A symbol table is a data structure mapping identifiers to their properties (type, storage location, scope). Scoping rules determine which declaration a name reference refers to. Block scoping creates nested symbol tables; a name lookup searches the current scope, then outer scopes (the scope chain). Proper scope handling prevents name collisions and enables separate compilation of modules.
When a compiler processes `x = y + 1`, it needs to answer concrete questions: What type is `y`? Where is it stored? Was it even declared? The symbol table is the data structure that holds these answers. It maps each identifier (variable name, function name, type name) to a record containing everything the compiler knows about it — its type, memory location, whether it is a constant, its parameter list if it is a function, and so on. From your study of hash tables, you know how to build a dictionary with fast lookup by key. The symbol table is exactly that dictionary, specialized for compiler use.
The complication is scope. Most languages allow the same name to mean different things in different parts of the program. A variable `x` declared inside a function is different from an `x` declared at the global level, and a new `x` declared inside an inner block shadows the outer one. The compiler must resolve each use of a name to the correct declaration, which means the symbol table must understand the nesting structure of scopes. This is where the connection to abstract syntax trees becomes essential: the AST encodes the block structure of the program, and the compiler uses it to determine which scope each name reference belongs to.
The standard implementation uses a stack of symbol tables, one per scope level. When the compiler enters a new block (a function body, an if-statement block, a loop body), it pushes a new empty table onto the stack. Declarations within that block are inserted into the top table. When a name is looked up, the compiler searches from the top of the stack downward — first the current scope, then the enclosing scope, then the next enclosing scope, all the way to the global scope. This scope chain naturally implements the shadowing rule: a local declaration is found before the global one because it sits higher on the stack. When the compiler exits a block, it pops the top table, and those local names become inaccessible.

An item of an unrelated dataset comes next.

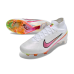 Дитячі Футбольні бутси Nike Air Zoom Mercurial Superfly IX Elite FG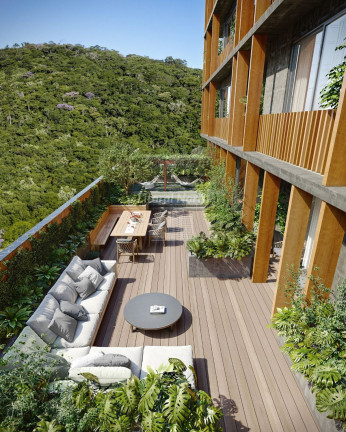 Imagem Apartamento com 4 Quartos à Venda, 341 m² em Fazenda - Itajaí Imagem Apartamento com 4 Quartos à Venda, 341 m² em Fazenda - Itajaí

This design also enables separate compilation. When compiling one module, the compiler doesn't have access to the source code of other modules — but it needs to know the types and signatures of their exported symbols. The symbol table for the current module is populated with declarations imported from headers or module interfaces, allowing the compiler to type-check and generate code without seeing the full program. At link time, the linker resolves the actual memory addresses. The symbol table thus serves as the compiler's memory throughout the entire compilation pipeline, from parsing through code generation.